Subject: Re: [xsl] XSLT match with regex what's the best current solution?|
From: Gunther Schadow <gunther@xxxxxxxxxxxxxxxxxxxxxx>
Date: Mon, 14 Jan 2002 22:11:34 -0500
as you can read in the regular expression thread http://www.biglist.com/lists/xsl-list/archives/200201/msg00488.html and further on, we are working on a tool which might be helpful for your purposes.
It is some mixture between regexes and an XSLT-like language, and we have called it regexslt. ...
Steven, thanks for your hint to the thread. I knew there was something. But I'm really looking for something that is XSLT (extension) rather than just 'like' xslt.
Of course I would not use regexes to match for XML/HTML tags, but I would want to use regexes in template match tests.
My model is really AWK, and it's interesting how the prinicple approach of XSLT is very similar to AWK (forget about global variables and the sequential flow of AWK rules for a moment.)
Some heading, with subphrases: An item without a bullet. Name = value pair. Property: value. Score = 7 (a = 1, b =3, c = 4). A full sentence that has so many words that it spans multiple lines. Sometimes we can't even trust whether people get the indention consistent.
<entry> <heading> Some heading <subheading>with subheading:</subheading> </heading> <item> <heading>An item without a bullet.</heading> <pair name='name' value='value pair.'/> <pair name='property' value='value.'/> <pair name='Score' value='7'> <pair name='a' value='1'/> <pair name='b' value='3'/> <pair name='c' value='4'/> </pair> <sentence>A full sentence that has so many words that it spans multiple lines.</sentence> <sentence>Sometimes we can't even trust whether people get the indention consistent.</sentence> </item> </entry>
In AWK I have a line-by-line matching (or whatever RS is set to) find the colons and indentions. I guess I could prime the XSLT process by sed-ing record terminators as:
<rec>Some heading, with subphrases:</rec> <rec> An item without a bullet.</rec> <rec> Name = value pair.</rec> <rec> Property: value.</rec> <rec> Score = 7 (a = 1, b =3, c = 4).</rec> <rec> A full sentence that has so many words that it spans </rec> <rec> multiple lines.</rec> <rec> Sometimes we can't even trust whether people get the</rec> <rec>indention consistent.</rec>
<xsl:template match="rec[regex:test(text(),'^\(.+\), \(.+\):$')]"> <entry> <heading> <xsl:value-of select='$1'/> <subheading><xsl:value-of select='$2'/></subheading> </heading> <xsl:apply-templates> </entry> </xsl:template>
O.K. that wouldn't work because the apply-templates thing could not go beyond the first line to match stuff into the content of the entry element that I just synthesized. So, I guess may be I'm on the completely wrong track now.
May be the initial <rec> elements put me on the wrong track. But if you have read this to this point you might see what I'm doing wrong.
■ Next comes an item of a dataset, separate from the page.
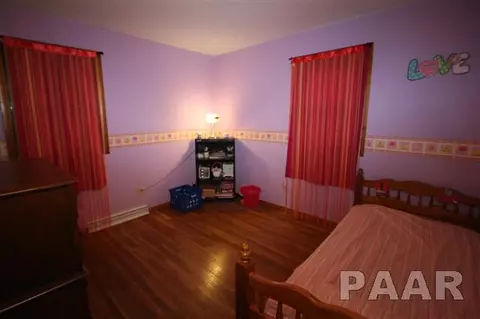 514 Embert Pl, Peoria, IL 61603 photo 8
May be I should just stick with AWK, or may be I should do some call-out of XSLT to AWK.
What I want to do is incremental structure induction, i.e. the first run might only find the entries (e.g., blocks separated by blank lines), the next run would find the items, the next run would find the pairs, and the next pairs in the parenthese of the pairs value, etc.
So, the AWK-callouts would work on the text nodes of certain elements (beginning with the full file, then with the entries, items, pairs, etc.)
any more ideas appreciated, -Gunther
PS: I looked at this OmniMark thing, and I'm a bit turned away by how different it is from anything that we know from sed, awk, perl, lex, yacc, etc.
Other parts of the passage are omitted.